Hacker News new | past | comments | ask | show | jobs | submit login
Roshi: a CRDT system for timestamped events (soundcloud.com)
108 points by sagichmal on May 12, 2014 | hide | past | favorite | 29 comments



> The tl;dr on CRDTs is that by constraining your operations to only those which are associative, commutative, and idempotent.

Interesting. We have an event stream database implemented in Haskell, and this looks like an excellent way to index it. Especially associative, commutative and idempotent can (probably) all be encoded in the type system!


Interesting, I have seen CRDTs mostly in the Erlang context (monitoring and following works Basho has been doing for Riak).

Basically a lot of this:

http://basho.com/tag/crdt

But using Haskell's type system is an interesting idea.

You can start with one level higher than just looking for associative, commutative and idempotent, because that actually comes the definition of a semilattice

http://en.wikipedia.org/wiki/Semilattice

The crucial part is that you have an appropriate meet or join operator (and that it satisfies the above requirements).

Informally think of a functions like max() over natural numbers or a union() over sets. Those are some examples.

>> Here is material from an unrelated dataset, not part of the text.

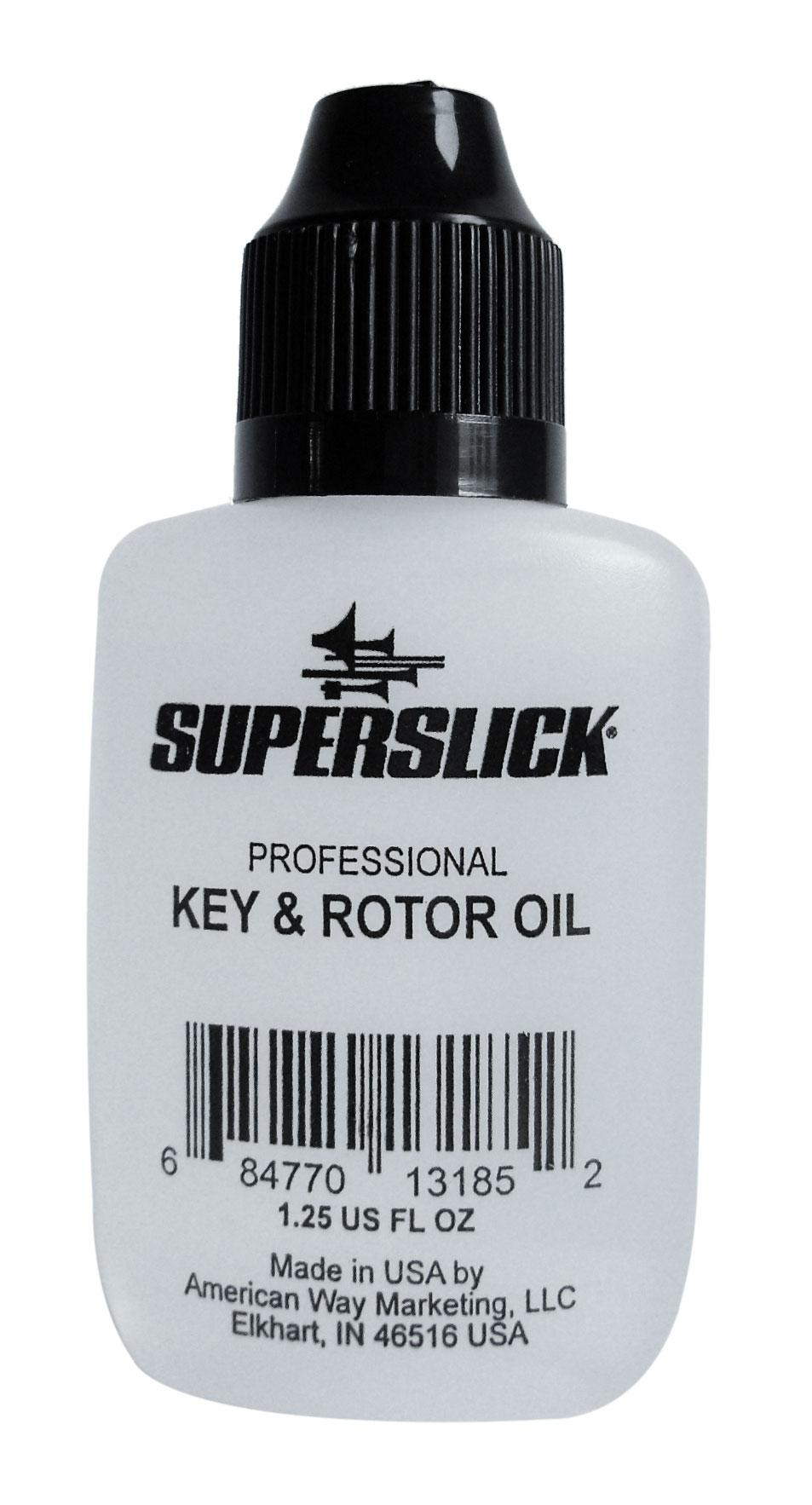 Superslick - Ventil und Rotor Öl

I don't know Haskell but found this interesting gist of someone who has tried this, and frankly a lot of stuff there is above my head, but it might help you:

https://gist.github.com/pozorvlak/6540639


That is interesting (but also sadly over my head too).

I think some of the theory there is starting to get into operational transformation territory [1]. If that's the case then a really interesting application might be applying the same semantics indexing a stream of events to expressing events as a diff against state and propagating them to clients...

[1] http://en.wikipedia.org/wiki/Operational_transformation


This is definitely aligned with OT. OT typically comes in two steps—merge and simplify. Merge takes two divergent histories and puts them together into a collective view. Simplify takes that collective view and reduces it to a single "consistent" view according to domain rules.

With CRDTs the merge operation is made such that the simplify operation is id.

It's also interesting to note that the merge operation is just a pullback in the appropriate category.


You probably want to look at LVish, is you want to see what this looks like in haskell.

http://www.cs.indiana.edu/~lkuper/

Has tons of papers and

https://hackage.haskell.org/package/lvish

is the lib.


I've never used it, but there is a lattice package on hackage which provides typeclasses for semilattices:

http://hackage.haskell.org/package/lattices-1.2.1/docs/Algeb...


It's an idempotent commutative monoid, so you can encode that quite straightforwardly as a type class.

Twitter's Algebird[1] has a wide range of monoid implementations (in Scala). It's a surprisingly useful type class for something so simple.

I have a talk[2] and some code [3] that goes into more detail on CRDTs and the connection to monoids.

[1:] https://github.com/twitter/algebird

[2:] http://noelwelsh.com/programming/2013/12/20/crdts-for-fun-an...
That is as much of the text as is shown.